Several weekends ago, I fulfilled my New Year's resolution to hike Mount Fuji! Mount Fuji, or Fuji-san, is the highest mountain in Japan at 3776 m (12,388 ft) and is still an active volcano, although the last eruption occurred a comfortable 300 years ago. For most of Japanese history, Fuji-san was considered a sacred mountain; until the late nineteenth century, climbing Fuji-san was an act of pilgrimage forbidden to women. Now, around 200,000 people climb Fuji every year during the short official season that runs from July 1st through August 31st (the summit is covered with snow for the other 10 months of the year), and most people climb through the night in order to reach the summit in time to see the sun rise. What used to be a sacred ceremony has become a heavily commercialized adventure, but still a highlight of any stay in Japan.

My volunteer friends and I had been talking about climbing Fuji since last winter, so, as the climbing season approached, we set aside a weekend in July for an expedition to the holy mountain. The seven of us (three Americans, two Germans, and two Japanese) left ARI on a stormy Saturday afternoon in a tiny rental car filled to bursting with backpacks, hiking gear, iPods, and hiking snacks for a very squished ride to Shizuoka Prefecture, west of Tokyo. We reached the foot of the mountain around 7 pm, grabbed a quick dinner at one of Japan's ubiquitous 7-11's, and started driving up to the 5th hiking station, which, at 7,900 ft, is where the paved road ends and where most people start climbing. The forest at the base of Fuji is infamous as a popular suicide spot, and as we started driving through the tall, dense cedars, I began to understand why - the cedars formed black walls on either side of the winding mountain road, and a thick, low fog played with the shapes of the trees. Finally, just before the 5th station, we drove out of the fog into a clear night, and, when we got out of the car at the 5th station, I was surprised by the cool air that greeted us - it felt like somehow stepping from a humid August day in Virginia into a crisp September evening in Hanover. We threw on some layers, enjoyed our convenience store sushi dinners, and walked around the souvenir shops (where you can buy Fuji-shaped stuffed toys, Fuji lollipops, Fuji-emblazoned plates, Fuji chopsticks...) as we let our bodies acclimate to the altitude. Finally, around 9:30 pm, we started climbing.

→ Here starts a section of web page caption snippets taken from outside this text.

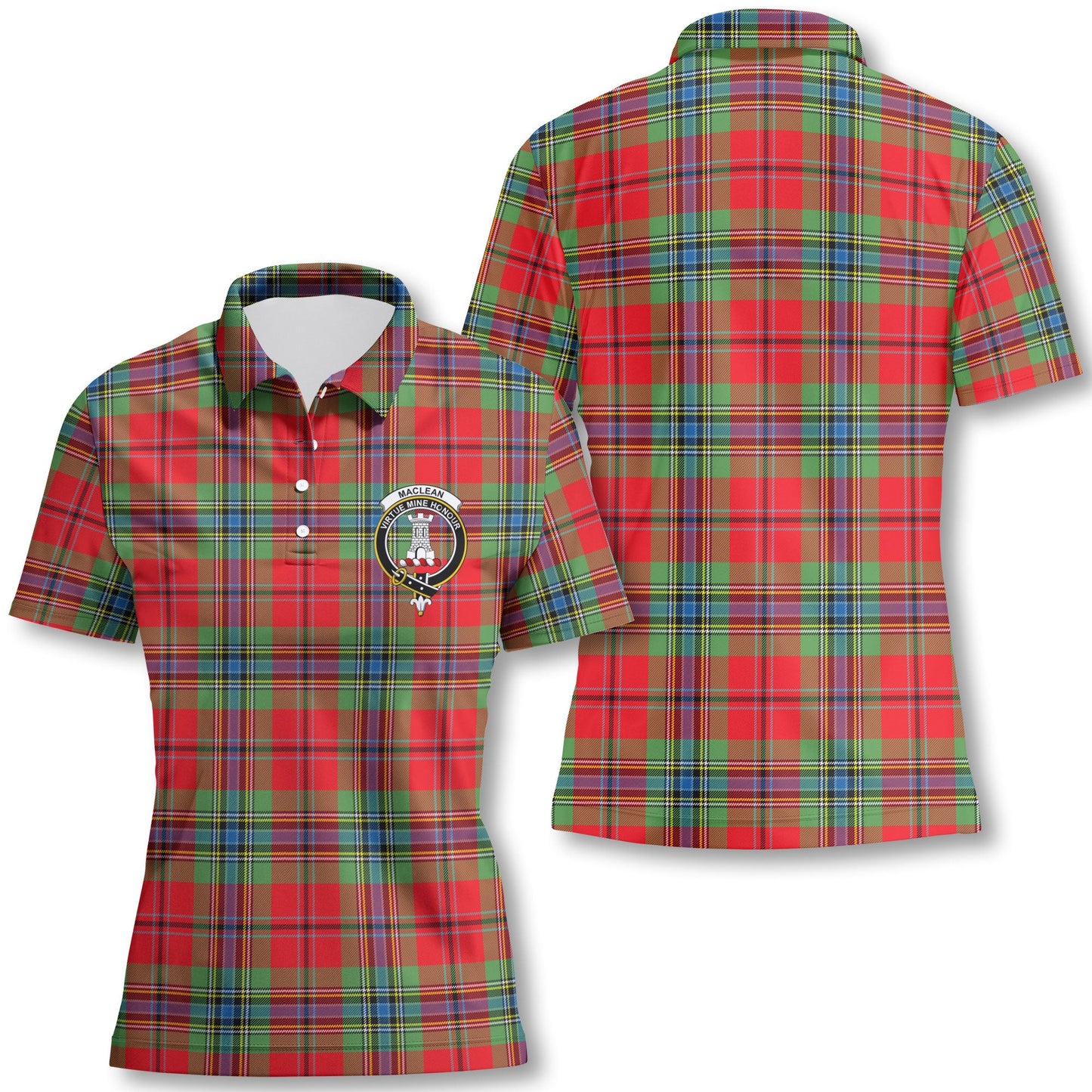 Clan Maclean Tartan Women Polo Shirt Crest And Plaid Basic Style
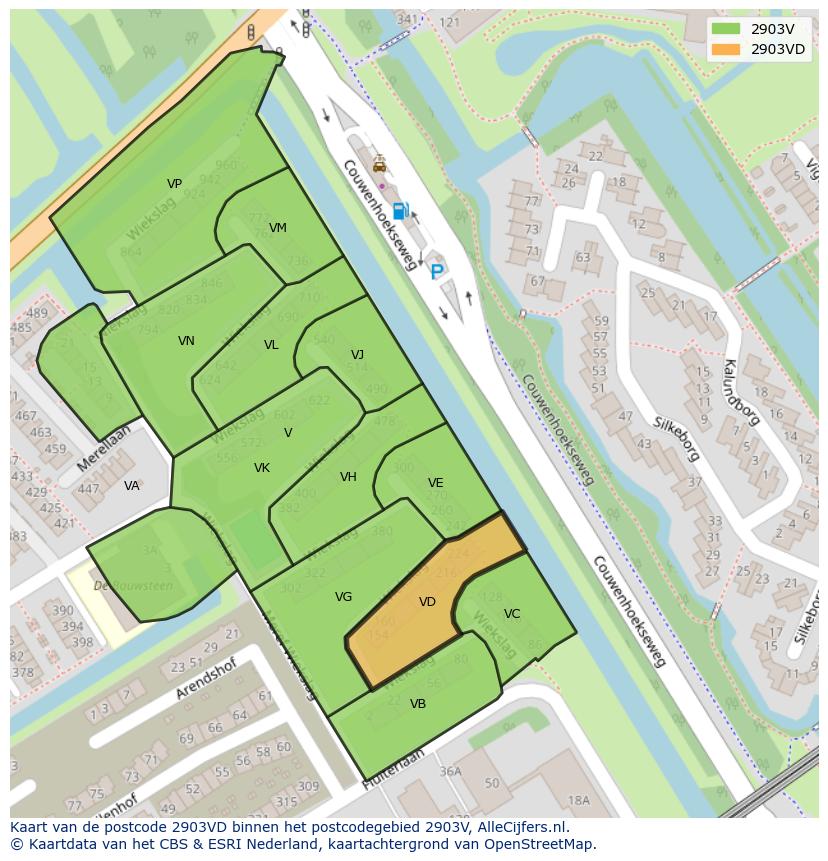 Afbeelding van het postcodegebied 2903 VD op de kaart.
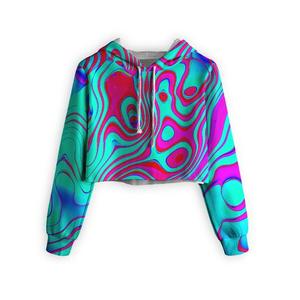 Sublimación Crop Mujeres Sudaderas con capucha Nueva llegada Custom Womens All Over Print Hoodies Poliéster Crop Hoodie - Product Image 1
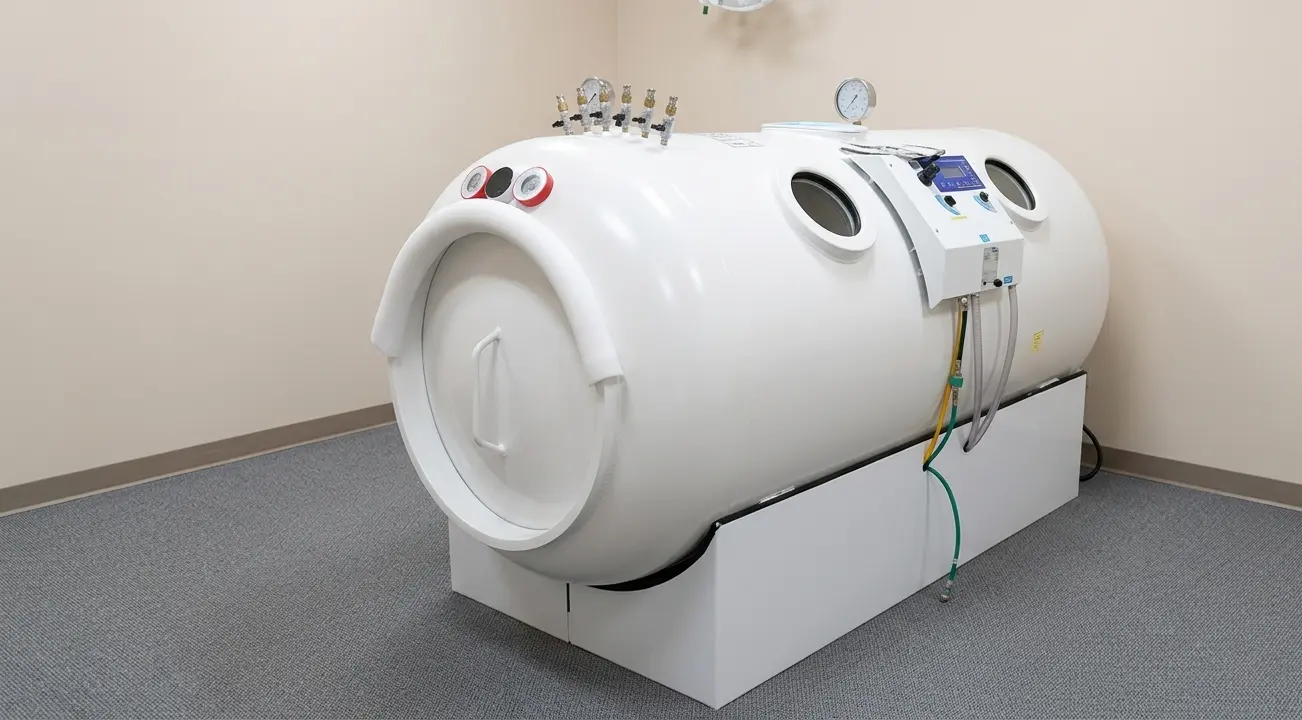 A white, cylindrical hyperbaric oxygen therapy chamber with a control panel and gauges, resting on a white base in a room with beige walls and gray carpet.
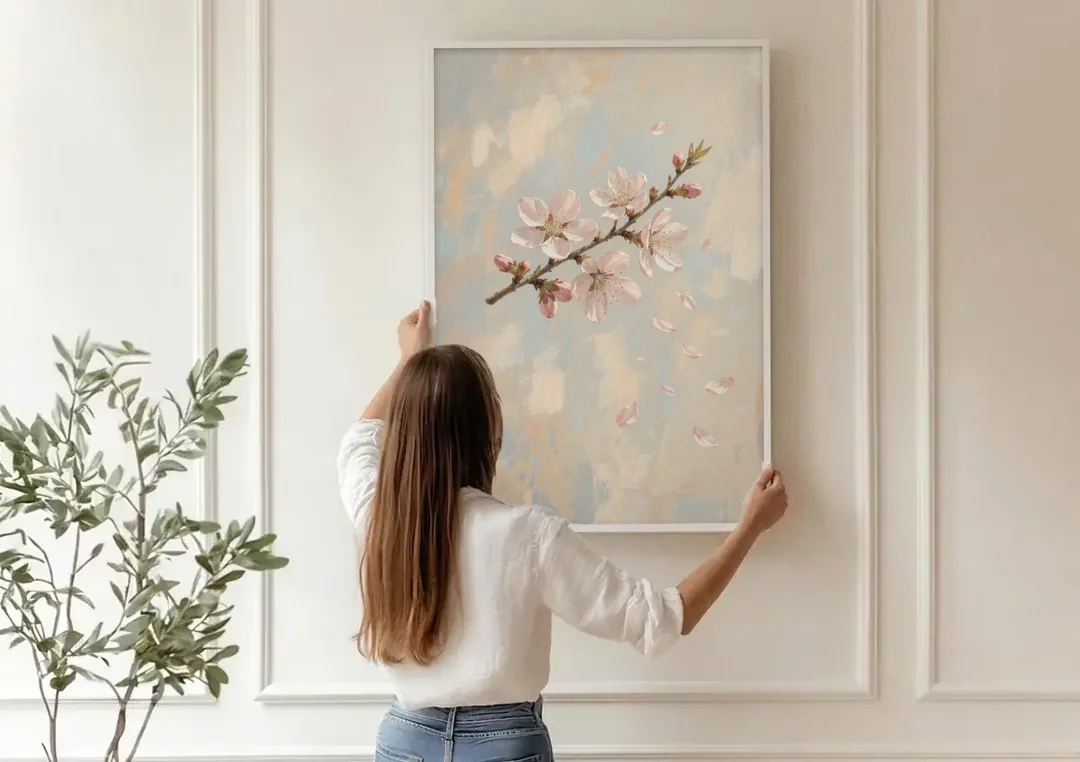 Drifting Petal Cherry Blossom Sprig for the Nursery canvas wall art being hung on a paneled wall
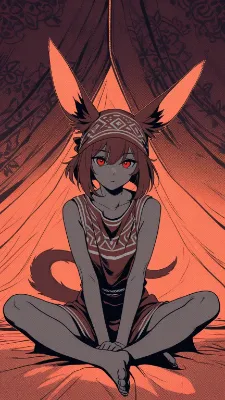 民族衣装の獣人女性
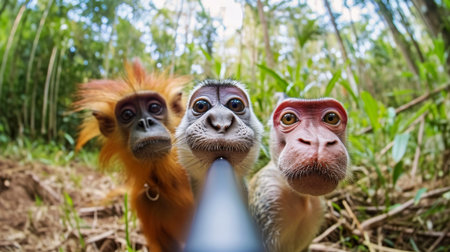 Monkeys in the rainforest of Borneo, Malaysia.の素材
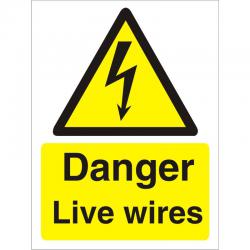 Cheap Stationery Supply of Warning Sign 300x400 1mm Plastic Danger - Live wires W0257SRP-300x400 *Up to 10 Day Leadtime* 136500 Office Statationery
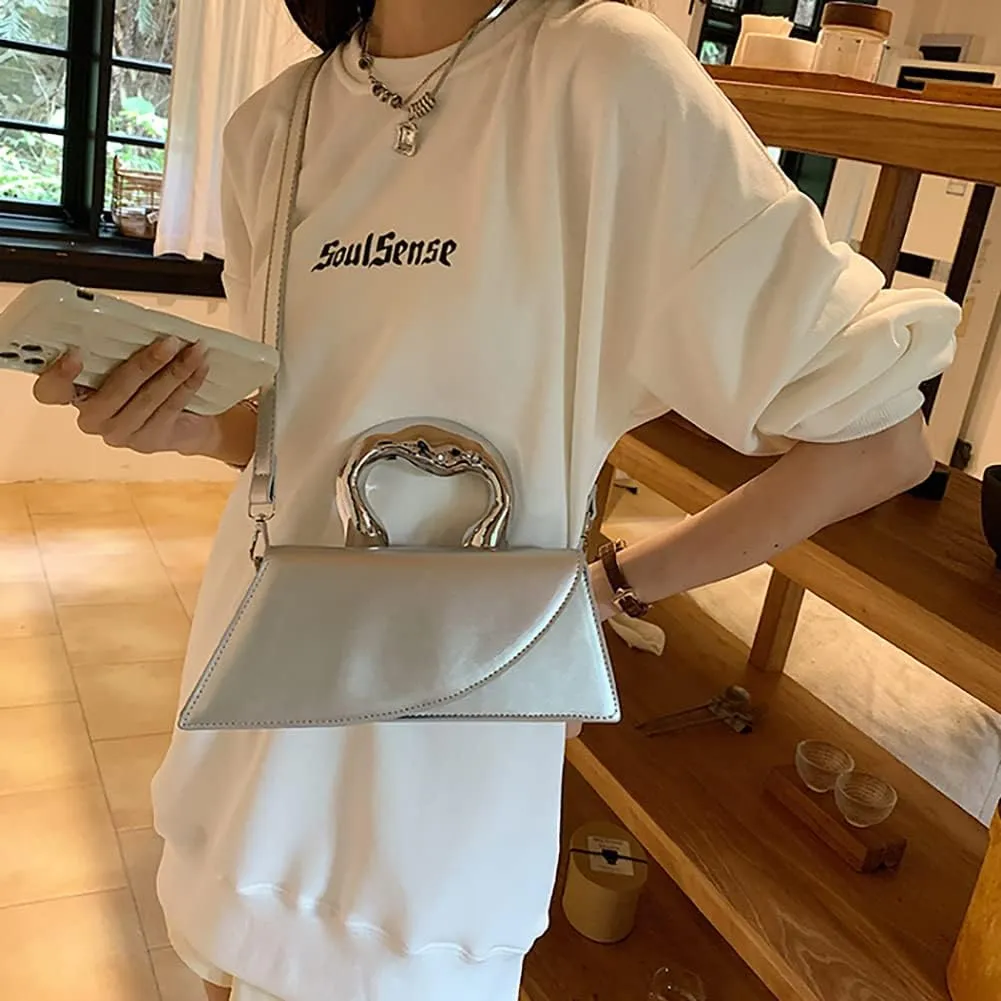Small Silver Crossbody Satchel Y2K Evening Handbag for Women - Hobo Shoulder Tote Bag 2025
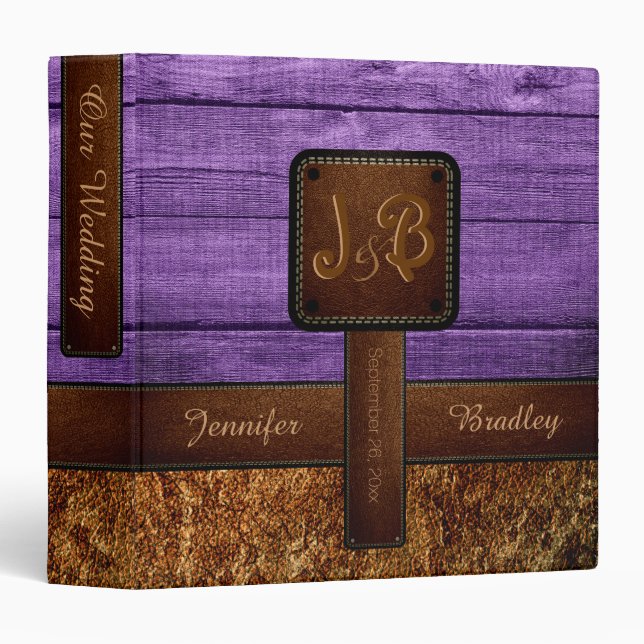 Wedding Leather Look Purple Wood #2 3 Ring Binder (Front/Spine)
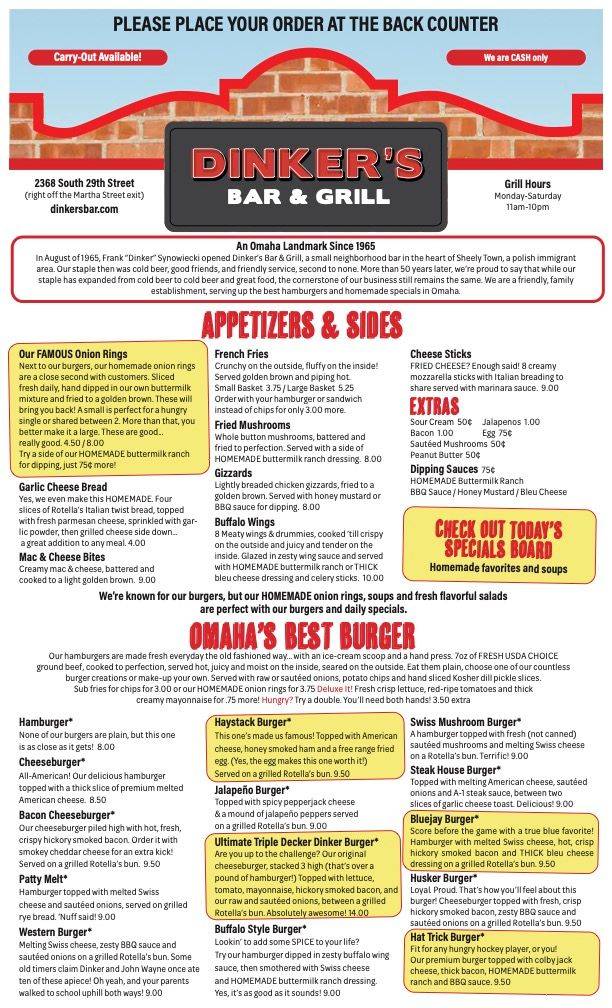 Menu at Dinkers Bar and Grill, Omaha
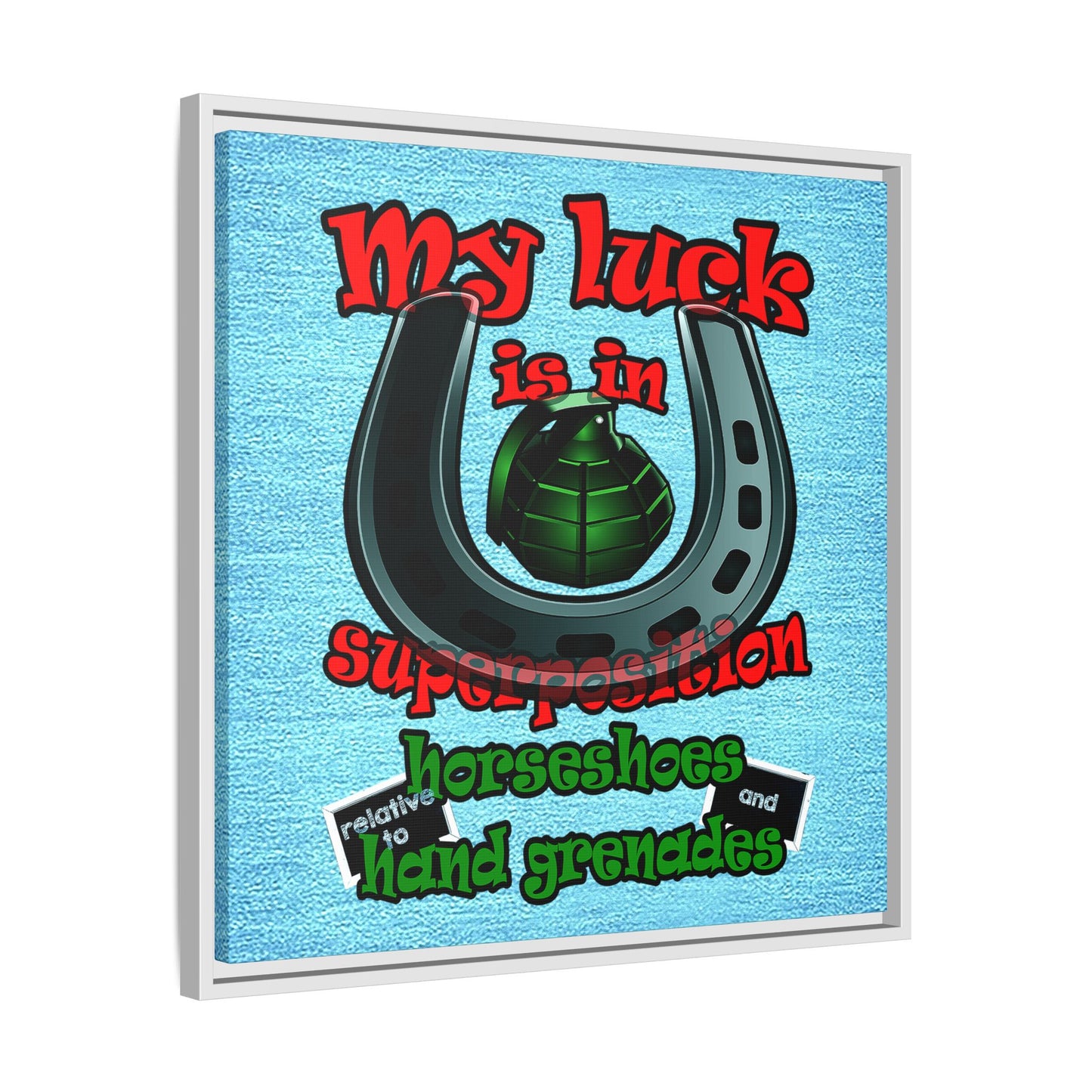my luck - framed canvas art (faded blue)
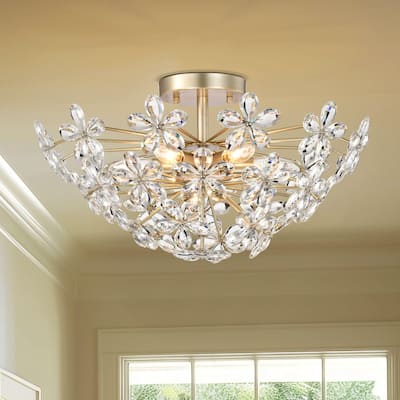 Rosa 6-Light Daisy Flower Crystal Large Size Flush Mount - Brushed Silver-ish Champagne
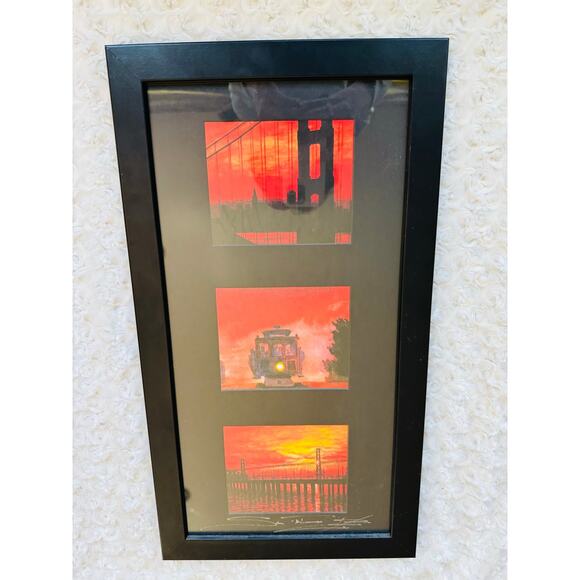 San Francisco California Trolley Golden Gate Bridge Black Frame Poster Wall Art - Picture 1 of 5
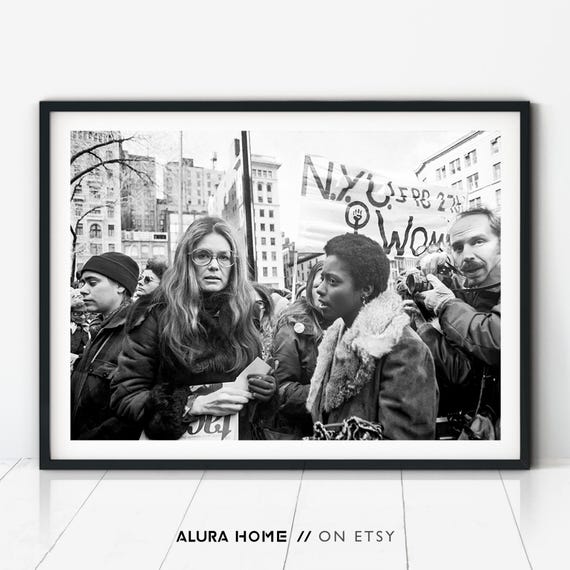 Photograph of Gloria Steinem at a Feminist Protest, Vintage Black and White Photo, Women’s Rights March Print, Activist Wall Art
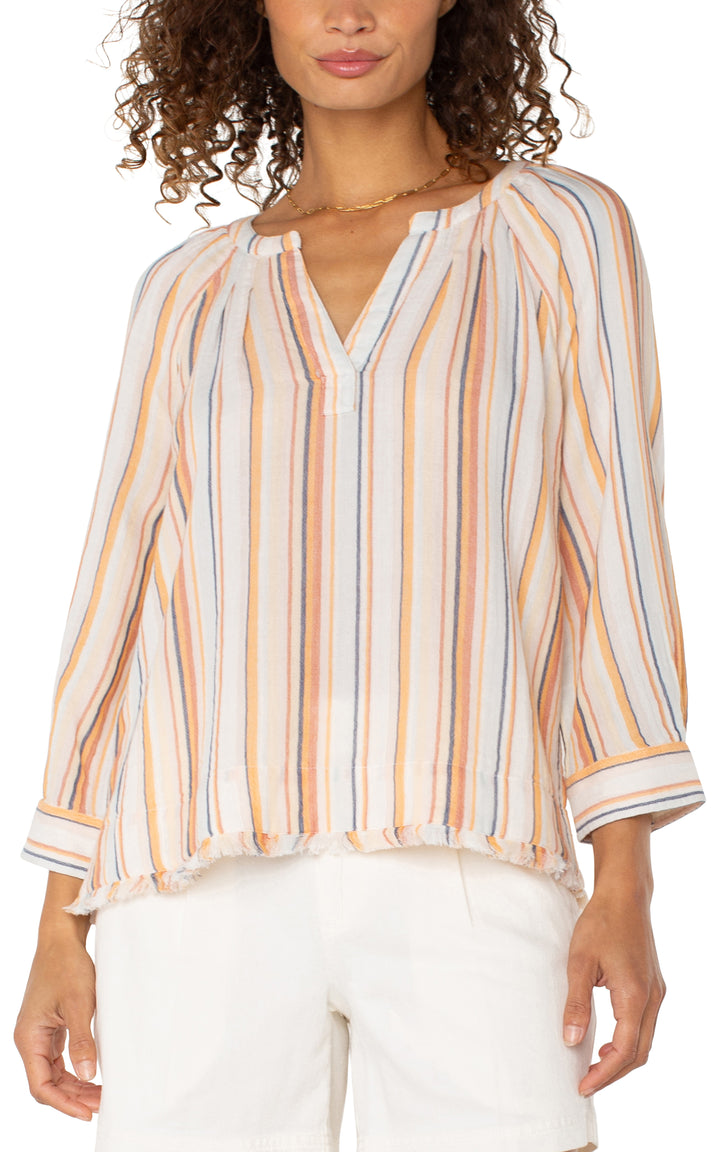 3/4 SLEEVE PLEATED RAGLAN WOVEN TOP W/FRAY HEM - ORANGE STRIPE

This was my first experience in a low-oxygen environment, and I was shocked by how hard it was to hike those first few minutes. The path was not very steep, but just five minutes of walking left me as tired as running a mile. I started to get a little worried about the remaining 3 miles to the summit, and I quickly adopted the "zombie method" of the Japanese hikers around us, who shuffled slowly over the ground in order to conserve energy. But the mountain was beautiful in the starlight - black rock cutting into the blue-black sky, pale silver stars lighting the trail. I felt strangely suspended above the mountains and valleys below us, as if I could just step off the sharp edge of the black volcano and into the misty darkness below.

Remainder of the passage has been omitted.